Anna Healey

Personal information
- Full name: Anna Margarete Healey
- Born: 6 December 1995 (age 30) Maidstone, Kent, England
- Batting: Right-handed
- Bowling: Right-arm medium
- Role: All-rounder

International information
- National side: Germany;
- T20I debut (cap 6): 26 June 2019 v Scotland
- Last T20I: 29 August 2021 v Scotland
- T20I shirt no.: 37

Career statistics
| Competition |  | WT20I |
| Matches |  | 17 |
| Runs scored |  | 126 |
| Batting average |  | 9.00 |
| 100s/50s |  | 0/0 |
| Top score |  | 33* |
| Balls bowled |  | 300 |
| Wickets |  | 14 |
| Bowling average |  | 15.78 |
| 5 wickets in innings |  | 0 |
| 10 wickets in match |  | n/a |
| Best bowling |  | 2/9 |
| Catches/stumpings |  | 9/– |
- Source: Cricinfo, 8 October 2021

= Anna Healey =

English/German cricketer

Anna Margarete Healey (born 6 December 1995) is an English-born cricketer who plays for the Germany women's national cricket team as an all-rounder.
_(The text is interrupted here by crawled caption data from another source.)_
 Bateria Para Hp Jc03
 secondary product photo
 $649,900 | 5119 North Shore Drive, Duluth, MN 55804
On several occasions, she has been player of the match in a Twenty20 International.

== Early life and career ==
Healey was born in Maidstone, Kent. She attended Beechwood Sacred Heart School in nearby Royal Tunbridge Wells, and Invicta Grammar School in Maidstone. As a child, she was a member of Kent Young Cricketers and Kent Cricket Performance Squads teams, in which her team mates included future England cricketer Tash Farrant. In 2009, she was the leading wicket taker for the Kent Girls Under 13 team, and in 2013 she won the batting award for the Girls Under 17 team. She has also played at club level for the St Lawrence & Highland Court club based in Bekesbourne, near Canterbury.
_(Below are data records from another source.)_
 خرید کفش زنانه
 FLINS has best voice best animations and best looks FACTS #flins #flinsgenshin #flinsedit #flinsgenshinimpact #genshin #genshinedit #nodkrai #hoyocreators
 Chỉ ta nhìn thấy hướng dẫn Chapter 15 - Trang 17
In early 2015, Healey spent four months as lead coach of the first XI at Woodford House Anglican girls school in Havelock North, Hawke's Bay, New Zealand. Between 2015 and 2018, she completed a Bachelors degree in Sport and Exercise Science with first class honours at the University of Chichester.

== International career ==
On 26 June 2019, Healey made her WT20I debut for Germany against Scotland at the La Manga Club Ground, Murcia, Spain, in the first match of the 2019 ICC Women's Qualifier Europe, which was also Germany's first ever WT20I.

In February 2020, in the second WT20I match of a bilateral series between Germany and Oman at the Al Amerat Cricket Stadium, Muscat, Healey took 1 for 5 in three overs with one maiden, scored 33*, and was chosen as player of the match, which Germany won by six wickets.

On 8 July 2021, in the first match of another bilateral series, between Germany and France at the Bayer Uerdingen Cricket Ground, Krefeld, Healey was again awarded player of the match, for combining a score of 29 in 27 balls with two catches and the initiation of a run out. Germany won that match by 9 wickets. The following month, Healey played in all four of Germany's matches in the 2021 ICC Women's T20 World Cup Europe Qualifier.

==Personal life==
Off the field, Healey works as an ecommerce and distribution manager in East Peckham, Kent.